Lia o público enquanto comia um pãozinho de sementes. Foi então que cruzei o olhar com o novo cronista. Apesar do desprezo que tenho pelos homens em geral, mesmo não querendo, volta e meia, caio na tentação de me entusiasmar com um ou outro. É degradante. Desconfio que, com algum empenho, era até capaz de me livrar da algidez que me dá conta da vida há tantos anos. Aborreci-me com a minha triste sina de feminista heterossexual frígida. Preferia, de longe, ser uma feminista lésbica frígida. As feministas deviam ser todas lésbicas.

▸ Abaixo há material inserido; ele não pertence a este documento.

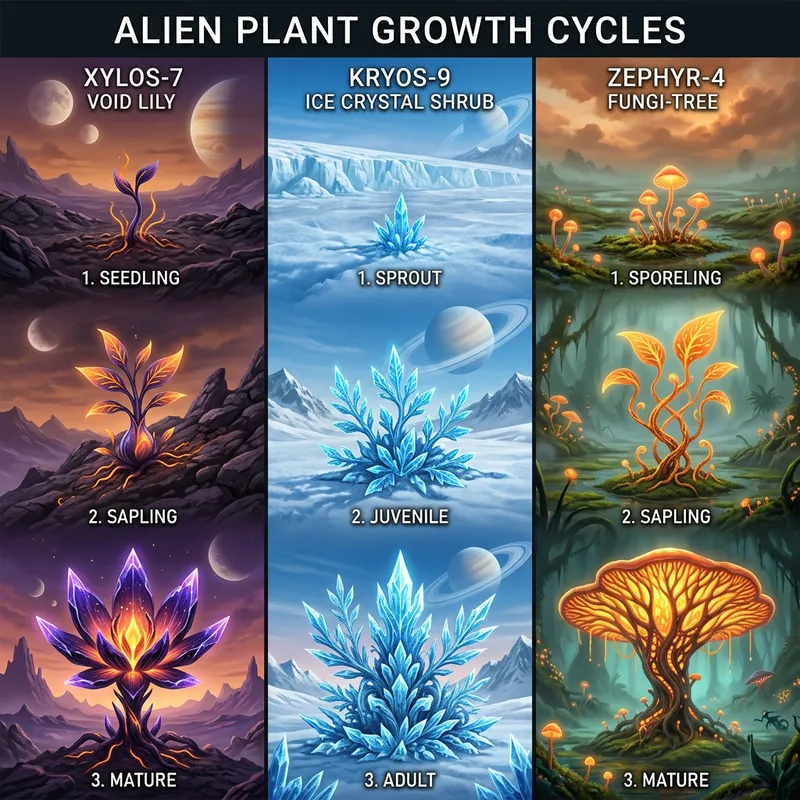 Alien Plants: Three Stages of Growth Alien Plants: Three Stages of Growth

Sempre eram mais coerente. E ser coerente é tão importante nos dias que correm. Por isso é que há tanta gente que arremelga os olhos e diz admirar a coerência do Álvaro Cunhal. Adiante. O meu entusiasmo pelo novo cronista fez-me engasgar. Deve ter sido castigo. Uma semente de girassol caiu-me no goto. Deixei de respirar. Valeu-me o Sr. Domingos que, parecendo uma impala, uma gazela, saltou por cima do balcão das torradas e salvou-me. Deixou os papo-secos e as fatias de pão saloio a esturricar na placa. Bateu-me nas costas com força enquanto eu sufocava. A Conceição da contabilidade, muito fanhosa, indignou-se com o atraso da sua tosta mista aparada. Um luxo. A fanhosa de Agualva-Cacém trincando todas as manhãs uma tosta mista aparada feita pelo escravo guineense das torradas. Acabei por espirrar a semente pelo nariz que aterrou em cima da fotografia do novo cronista. Tão lindo que ele estava de barba. Sosseguei e assoei-me a um guardanapo de papel. O Sr. Domingos, ajeitando o avental da farda, olhando o jornal, quis saber se me tinha engasgado com a pouca vergonha que anda neste país. Disse-lhe que sim, que sim, pois claro, ando muito preocupada com a situação do país. Quando a Conceição passou por mim, com a sua tosta mista aparada, muito fumegante, olhou-me de soslaio, procurando vestígios de muco nasal do meu engasganço. Abri-lhes as minhas narinas gigantes. Parecem cavernas de homens pré-históricos. São assustadoras. Fez um esgar de repulsa. E soltou um ai amedrontado, a parva. Mal sabe ela que eu, feminista empenhada, e magnânima, defendo até as mulheres que desprezo profundamente. Como ela.